A review by hberg95
How to Be an Anticapitalist in the Twenty-First Century by Erik Olin Wright

4.0

A concise, systematic overview of historical forms of anti-capitalism and how anti-capitalism can be realized in the 21st century.

The big takeaway for me is the central concept of eroding capitalism as a strategy - Wright talks so clearly about how we can't commit ourselves to only a single strategy, that we must engage in many at once as we maintain the Gramscian "pessimism of the intellect and optimism of the will".

The problem with erosion is that it is slow. It seems like a clearly effective means of anti-capitalism, and potentially the only viable one we have, but there is a sense that we may need to act urgently, that erosion might be too slow for what we're looking at.

I'm interested in the relationship between this text and another recent Verso publication, Andreas Malm's How to Blow up a Pipeline. As an intellectual prominently interested in issues of environment and politics, Malm's solution for enacting political change is to advocate for a radical flank of the environmental movement - this may enable us to enact fast change. I think both authors agree that change needs to happen, and that "doom and gloom" responses aren't sufficient, but I think the question of time is interesting here. I'm empathetic to the argument that strategies that imply slow reformism could leave us shrugging on the path to destruction.

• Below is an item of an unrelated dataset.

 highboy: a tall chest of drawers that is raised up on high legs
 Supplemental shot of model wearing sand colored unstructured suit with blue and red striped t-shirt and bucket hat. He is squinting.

I'm a little skeptical of fully embracing Wright's "Analytical Marxism", because I can see it oversimplifying the theoretical questions and neglecting to address how these things work on the ground. For example, increasing democracy is a theoretically excellent goal, but in practice we still have an ideological media apparatus hell-bent on convincing us all to vote against our interests and avoid any kind of solidarity. I'm sure Wright had ideas about this specific problem, but I didn't feel like they were addressed sufficiently here.